The issue can’t be fixed through the dumping of
food packages though. Food doesn’t appear out of thin air. What we need to do
is increase its production.

The UN knows this. It forecasts that the world
needs to produce 60% more food by 2050; with developing countries needing to
produce 77% more to keep up with caloric demand (APRC, 2013). From intuition alone, it seems that more
investment into smarter agriculture is key to getting on top of this problem.
The data backs it up; investment in agriculture is five times more effective in
reducing hunger than investment in any other sector (FA0,2012) and GDP
growth in agriculture is twice as effective as reducing poverty than growth in
other sectors (World Bank,2008) too.

My nation, Australia, recognises this, and
invests sizeable amounts in both agricultural research and deliverance of
physical infrastructure that enables our major aid partners in Asia and the
South Pacific to increase crop yields. Yet though we’re making valuable
investments, that are providing undeniable results, we still only allocate 7%
of our aid budget to this sector (DFAT,2014). We need to invest more, as
well as improve some aspects of how we invest this aid.

Investment into agricultural research is a major
focus of our agricultural foreign aid program.

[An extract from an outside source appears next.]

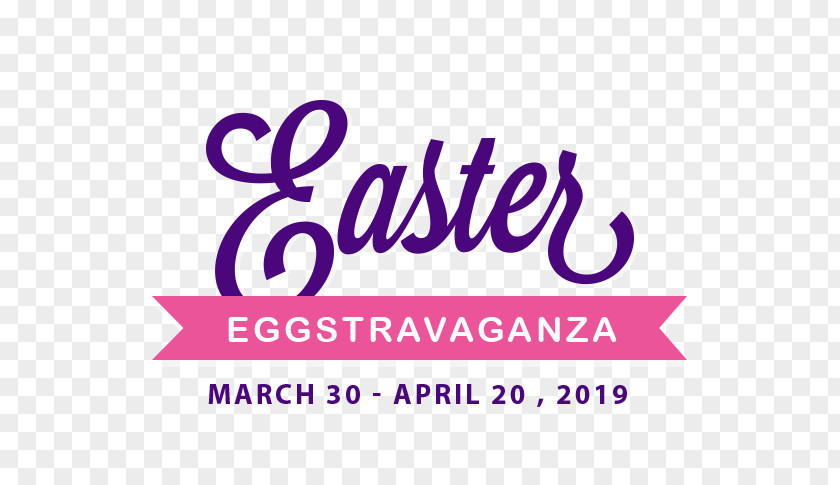 Easter Celebration Bunny Logo Orange County Decal PNG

Agricultural research is
responsible for the production of food for 60million people/year domestically
and 400million people/year worldwide (D’Occhio,2011)
and the ACIAR (Australian Centre for International Agricultural Research) heads
our aid commitment to research with a very solid, effective framework.
Collaboration with international research-agencies such as the CGIAR, inclusion
and involvement of scientists from the developing nations we’re collaborating
with, as well as a focus on designing solutions to mitigate the effects of
climate change are key parts of our five-pronged strategy that impress strategy
analysts (ACIAR,2011; Marslen,2014).
The $448million invested into international agricultural research gave a
$30.17billion return, a ratio of 67:1 with direct benefits totaling 15:1 (ACIAR,2013). These benefits are derived
not only from the more effective agricultural aid programs that Australia
initiates from it, but the sharing of knowledge and consultancy we provide to
NGOs as well as private partners. It’s
also key to note that Australia, which shares similar challenges to the nations
we’re helping, such as drought and water management, will receive spill off
benefits from this research (Marslen,2014)
marking it as an even more attractive investment. This staggering value for money, for us, and them, justifies this
investment and makes a strong case for further investment into agriculture.

But right now, Australia’s investment into this research,
if anything, has been dwindling, following an international trend of declining research
in the agricultural sector from 13% of all OECD investment in the Green
Revolution, to 4% in 2008 (Harding et al, 2009, Alston et al, 2000).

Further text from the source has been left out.